The big fall: markets’ reaction to Trump’s new tariffs
3 April 09:30
Global markets have reacted negatively to the customs tariffs imposed by the United States yesterday, "Komersant Ukrainian" reports.
The tariffs
on April 2, US President Donald Trump announced the introduction of “mirror” tariffs against almost all countries except Russia. These tariffs, according to the White House, will be half of the tariff that a particular country has imposed on US goods. For example, China allegedly imposes a 67% tariff on US goods, so the US imposed a 34% tariff on Chinese goods.
For those countries that do not impose special duties on American goods, a basic tariff of 10% was introduced.
Interestingly, the comparative table released by the White House provides data on tariffs against 185 countries, but Russia is not on the list.
Trump called the introduction of such trade barriers “Liberation Day” and said that this day will go down in US history as the beginning of the restoration of the American economy and greatness.
Market reaction
The reaction of global markets to such an unprecedented step was not delayed. As the total US tariff on goods from China reached a staggering 54%, it immediately hit the shares of those tech giants with production centers in China and Taiwan. Apple was the hardest hit, as it still manufactures its iPhones in China – its shares fell by a fantastic 7%.
Nasdaq futures fell by 3.3%, S&P 500 by 2.7%, FTSE by 1.6%, and European futures fell by almost 2%.
The entire “Magnificent Seven” of American tech giants (Apple, Amazon, Alphabet, Meta, Microsoft, Nvidia, and Tesla) lost about $760 billion in value at once.
Japan’s Nikkei fell by 2.8% after the previous drop to a minimum of eight months, with almost every index member falling.
Gold hit a record high of $3,160 per ounce.
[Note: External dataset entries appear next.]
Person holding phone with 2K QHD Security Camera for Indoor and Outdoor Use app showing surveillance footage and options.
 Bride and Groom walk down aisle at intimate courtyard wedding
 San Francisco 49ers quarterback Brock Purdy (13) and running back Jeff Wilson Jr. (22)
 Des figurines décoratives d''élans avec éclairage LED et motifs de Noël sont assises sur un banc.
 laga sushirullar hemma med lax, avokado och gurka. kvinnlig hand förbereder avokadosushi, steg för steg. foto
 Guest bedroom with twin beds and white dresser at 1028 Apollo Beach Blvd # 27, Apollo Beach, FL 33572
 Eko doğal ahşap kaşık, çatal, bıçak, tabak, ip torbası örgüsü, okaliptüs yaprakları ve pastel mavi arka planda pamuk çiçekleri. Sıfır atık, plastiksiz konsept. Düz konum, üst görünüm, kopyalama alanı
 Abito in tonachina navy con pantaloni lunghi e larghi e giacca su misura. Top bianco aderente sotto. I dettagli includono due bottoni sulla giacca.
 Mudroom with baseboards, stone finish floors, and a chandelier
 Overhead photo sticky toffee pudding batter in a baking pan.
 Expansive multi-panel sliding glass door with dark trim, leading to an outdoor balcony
Hong Kong’s Hang Seng index was down 1.6%, while South Korea’s Kospi fell 2%. Van Eck’s Vietnam ETF fell more than 8% in after-hours trading. Australian shares .AXJO fell by 2%. Markets in Taiwan were closed altogether.
The Chinese yuan fell to its lowest level since February 13 on the domestic market at 7.3060 per dollar.
Ten-year Japanese government bond futures made their sharpest jump in eight months.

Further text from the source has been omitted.